WHAT IS BEING ASKED = Without including the pictures, copy out every line below.

DATA BELOW =
☆ ☆ ☆ ☆

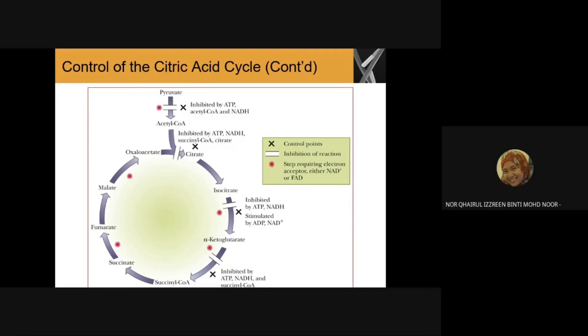When we inhibit this enzyme at step two, the substrate isocitrate will accumulate. Since step three is reversible, citrate can also be produced. This citrate can then be used to inhibit step one in glycolysis as well, reducing the rate of glycolysis and the rate of step one in the TCA cycle.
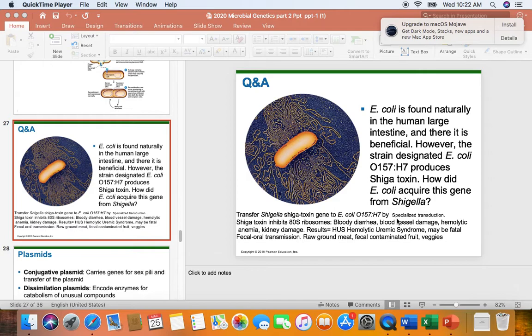The Shigatoxin inhibits eukaryotic ribosomes, with E. coli growing in the intestinal tract. One of the clinical signs would be bloody diarrhea. Especially with little kids, if they develop a bloody diarrhea, I would think of it as a medical emergency, and I would want the child to be screened for a Shigatoxin-producing E. coli. The toxin can be absorbed into the blood vessels and will cause blood vessel damage.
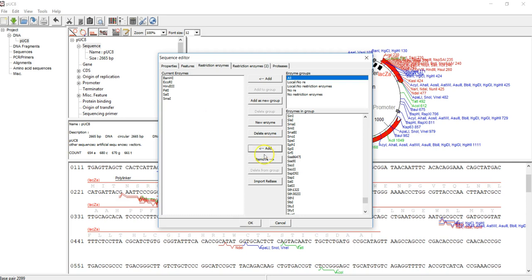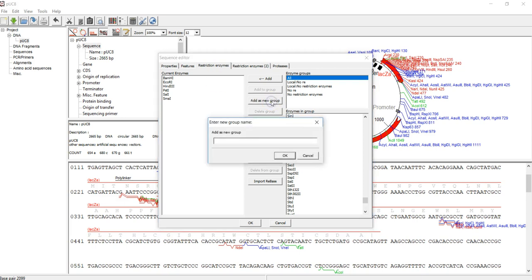All these restriction enzymes are coming from different bacteria. That's why they are named in such a way. Now these are the list of restriction enzymes within the polylinker region that I want to use, so I'm going to add this one as a new group. After that, I give it a name. For example, this is a pUC8 group, or you can name it using the acronym of each of the enzymes so it'll help you to find it very quickly.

☆ ☆ ☆ ☆

EXERCISE SOLUTION =
When we inhibit this enzyme at step two, the substrate isocitrate will accumulate. Since step three is reversible, citrate can also be produced. This citrate can then be used to inhibit step one in glycolysis as well, reducing the rate of glycolysis and the rate of step one in the TCA cycle.
The Shigatoxin inhibits eukaryotic ribosomes, with E. coli growing in the intestinal tract. One of the clinical signs would be bloody diarrhea. Especially with little kids, if they develop a bloody diarrhea, I would think of it as a medical emergency, and I would want the child to be screened for a Shigatoxin-producing E. coli. The toxin can be absorbed into the blood vessels and will cause blood vessel damage.
All these restriction enzymes are coming from different bacteria. That's why they are named in such a way. Now these are the list of restriction enzymes within the polylinker region that I want to use, so I'm going to add this one as a new group. After that, I give it a name. For example, this is a pUC8 group, or you can name it using the acronym of each of the enzymes so it'll help you to find it very quickly.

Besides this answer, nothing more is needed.